# Transforming and joining raw data

The "raw" data is divided among the following tables:

- **Customer metadata**
  - customerID
  - gender
  - date of birth (we'll derive age and senior citizen status from this)
  - Partner
  - Dependents
  - (nominal) MonthlyCharges
- **Billing events**
  - customerID
  - date (we'll derive tenure from the number/duration of billing events)
  - kind (one of "AccountCreation", "Charge", or "AccountTermination")
  - value (either a positive nonzero amount or 0.00; we'll derive TotalCharges from the sum of amounts and Churn from the existence of an AccountTermination event)
- **Customer phone features**
  - customerID
  - feature (one of "PhoneService" or "MultipleLines")
- **Customer internet features**
  - customerID
  - feature (one of "InternetService", "OnlineSecurity", "OnlineBackup", "DeviceProtection", "TechSupport", "StreamingTV", "StreamingMovies")
  - value (one of "Fiber", "DSL", "Yes", "No")
- **Customer account features**
  - customerID
  - feature (one of "Contract", "PaperlessBilling", "PaymentMethod")
  - value (one of "Month-to-month", "One year", "Two year", "No", "Yes", "Credit card (automatic)", "Mailed check", "Bank transfer (automatic)", "Electronic check")

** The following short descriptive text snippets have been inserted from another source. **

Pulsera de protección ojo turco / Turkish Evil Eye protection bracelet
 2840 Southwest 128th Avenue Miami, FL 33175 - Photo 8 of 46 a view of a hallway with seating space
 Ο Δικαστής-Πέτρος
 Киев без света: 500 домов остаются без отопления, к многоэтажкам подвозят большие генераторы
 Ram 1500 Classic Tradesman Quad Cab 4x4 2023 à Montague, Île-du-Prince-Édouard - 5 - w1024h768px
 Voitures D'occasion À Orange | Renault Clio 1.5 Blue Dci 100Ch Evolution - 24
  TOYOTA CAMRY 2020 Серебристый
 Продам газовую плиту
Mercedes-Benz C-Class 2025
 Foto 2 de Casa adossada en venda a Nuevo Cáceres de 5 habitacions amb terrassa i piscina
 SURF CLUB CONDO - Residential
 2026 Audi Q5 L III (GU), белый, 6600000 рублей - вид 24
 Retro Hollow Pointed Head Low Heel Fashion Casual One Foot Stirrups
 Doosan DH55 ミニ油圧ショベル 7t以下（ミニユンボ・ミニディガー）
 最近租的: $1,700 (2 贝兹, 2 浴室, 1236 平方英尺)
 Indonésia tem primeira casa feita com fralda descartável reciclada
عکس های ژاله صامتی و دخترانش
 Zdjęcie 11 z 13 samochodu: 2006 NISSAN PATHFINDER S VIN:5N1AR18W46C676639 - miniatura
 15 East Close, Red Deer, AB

We want to join these together to reconstitute a training data set with this schema:

- customerID
- gender
- SeniorCitizen
- Partner
- Dependents
- tenure
- PhoneService
- MultipleLines
- InternetService
- OnlineSecurity
- OnlineBackup
- DeviceProtection
- TechSupport
- StreamingTV
- StreamingMovies
- Contract
- PaperlessBilling
- PaymentMethod
- MonthlyCharges
- TotalCharges
- Churn

In [1]:
# notebook parameters

import os

spark_master = "spark://ip:port"
app_name = "churn-etl"
input_files = dict(
    billing="billing_events", 
    account_features="customer_account_features", 
    internet_features="customer_internet_features", 
    meta="customer_meta", 
    phone_features="customer_phone_features"
)
output_file = "churn-etl"
output_prefix = ""
output_mode = "overwrite"
output_kind = "parquet"
input_kind = "parquet"
driver_memory = '8g'
executor_memory = '8g'


In [2]:
import pyspark

session = pyspark.sql.SparkSession.builder \
    .master(spark_master) \
    .appName(app_name) \
    .config("spark.eventLog.enabled", True) \
    .config("spark.eventLog.dir", ".") \
    .config("spark.driver.memory", driver_memory) \
    .config("spark.executor.memory", executor_memory) \
    .getOrCreate()
session

In [3]:
import churn.etl

churn.etl.register_options(
    spark_master = spark_master,
    app_name = app_name,
    input_files = input_files,
    output_prefix = output_prefix,
    output_mode = output_mode,
    output_kind = output_kind,
    input_kind = input_kind,
    driver_memory = driver_memory,
    executor_memory = executor_memory
)

# Reconstructing billing events and charges

In [4]:
from churn.etl import read_df
billing_events = read_df(session, input_files["billing"])
billing_events.printSchema()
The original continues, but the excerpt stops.